The uni-versality of the DLI and the Real contains an element of indifference, but not a formalism. Because they are precisely indifferent to the mixture of form and matter, they are not determinable like formalism is. Rigorously, it would be a question of an axiomatic-transcendental formalization. This indifference is their being-foreclosed to the World but is not properly speaking a formalism even if they are uni-versally equal for every object-in-the-world. It is so little a formalism that this “diagram” of non-Marxism is rather like a schema specifiable by the capital-world and supposes the support of new axioms. Non-Marxism’s act is initially being given the uni(-)versality of capitalism and that of its theory rather than attempting to acquire them step by step through the complexification of axioms.
Identically Scientific and Philosophical Theory of the DLI
After the preceding explanations, the DLI is deduced from the radical immanence of the Real alone, from the uni-versal concept of infrastructure (insofar as it is thus equivalent to the superstructure and the latter is taken into account), never from the ontic models of science or the ontological models of philosophy. The scientific and the philosophical which their DLI is capable of producing in their identity of the-last-instance are neither on the side of the One alone, being deduced as such only from it, nor on the side of the World alone and from its epistemo-logical auto-knowledge. They are no longer the scientific-of-the-last-instance on the side of separated science (la science) alone, nor the philosophical-of-the-last-instance, with which the former is radically identical, on the side of separated philosophy (la philosophy).
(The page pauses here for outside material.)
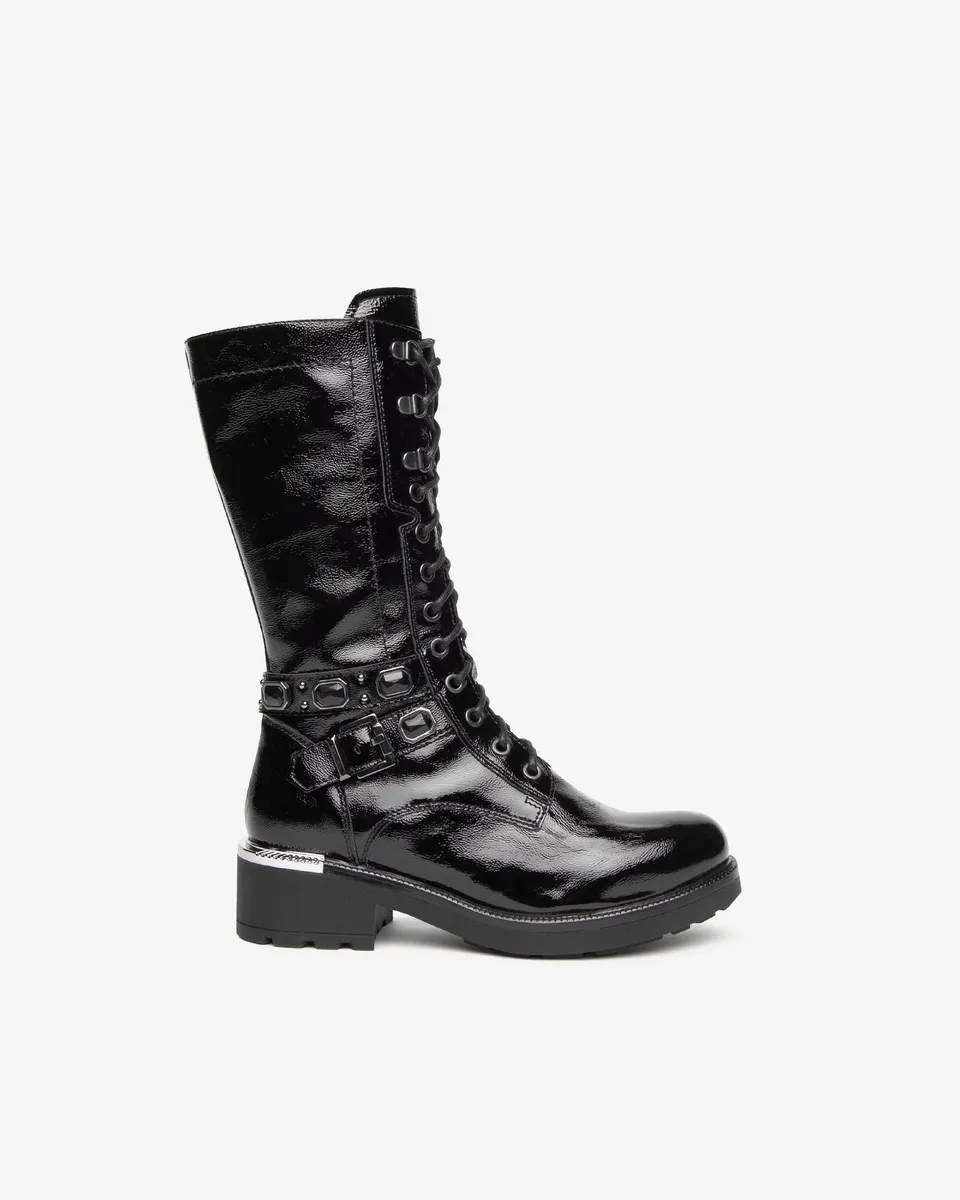 Nero Giardini Boots bottines vernies lacets talon 4 cm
The DLI makes it possible to bypass these antinomies which are so many philosophical divisions. There is the vision-in-One and what it receives or rather “gives” via its mode, the epistemo-logical mixture of philosophy and science in their indissoluble combinations.
The epistemo-logical mixture, if we wish to formalize it, is presented as the Other of X (X being the mixed or philosophical form; the Other being science as Other of philosophy but always included in the mixture and giving it its scope of epistemo-logical Difference). In the DLI’s operation, this given of mixture is not presented by the Real itself which lacks the means to do so. However, the vision-in-One completely presents it as One or Identity and then fulfills a transcendental role alongside its content of the Other of X. The One does not produce of itself the scientific Other which is a mixture. It no longer clones the scientific and the philosophical separately as if it isolated them within their mixture which it divided. It needs to (receive-) give the Other of X, the groundless block of the Epistemo-logos, which is not the scientific and the philosophical pure and separated, but the concrete in which they alone have existence. We will avoid making the structure of the DLI fall back on the duality of science and philosophy, which is itself nothing but a contingent material, saying for example that the vision-in-One gives the in-itself or the real immanence of X while ensuring its heterogeneity, which is thus a scientific type of relation to X; and that the transcendental cloning of X is a relation of the philosophical type of the Real to X. No doubt, we would then have a relation to X which would have no resemblance with X and which would thus be a relation of theoretical knowledge in general, a relation which is not an image of X. In fact, science and philosophy are initially given in-mixture, and the Real can only clone the latter. Since it is not the One which constitutes it, these disciplines or these two forms of knowledge cannot be effectively deduced from it or presupposed as already existing in the Real. The epistemo-logical mixture is the only material for cloning, and the clone is always clone (of) a mixture, not an abstract and separated term. The clone is thus, for this reason, the identity of a double or a mixture and here identity-of-the-last-instance of the scientific-and-the-philosophical. Because it is not especially scientific or philosophical, and because it is foreclosed to all knowledge, the vision-in-One can only clone their identity beginning from the material of the mixture which the capital-world furnishes for it.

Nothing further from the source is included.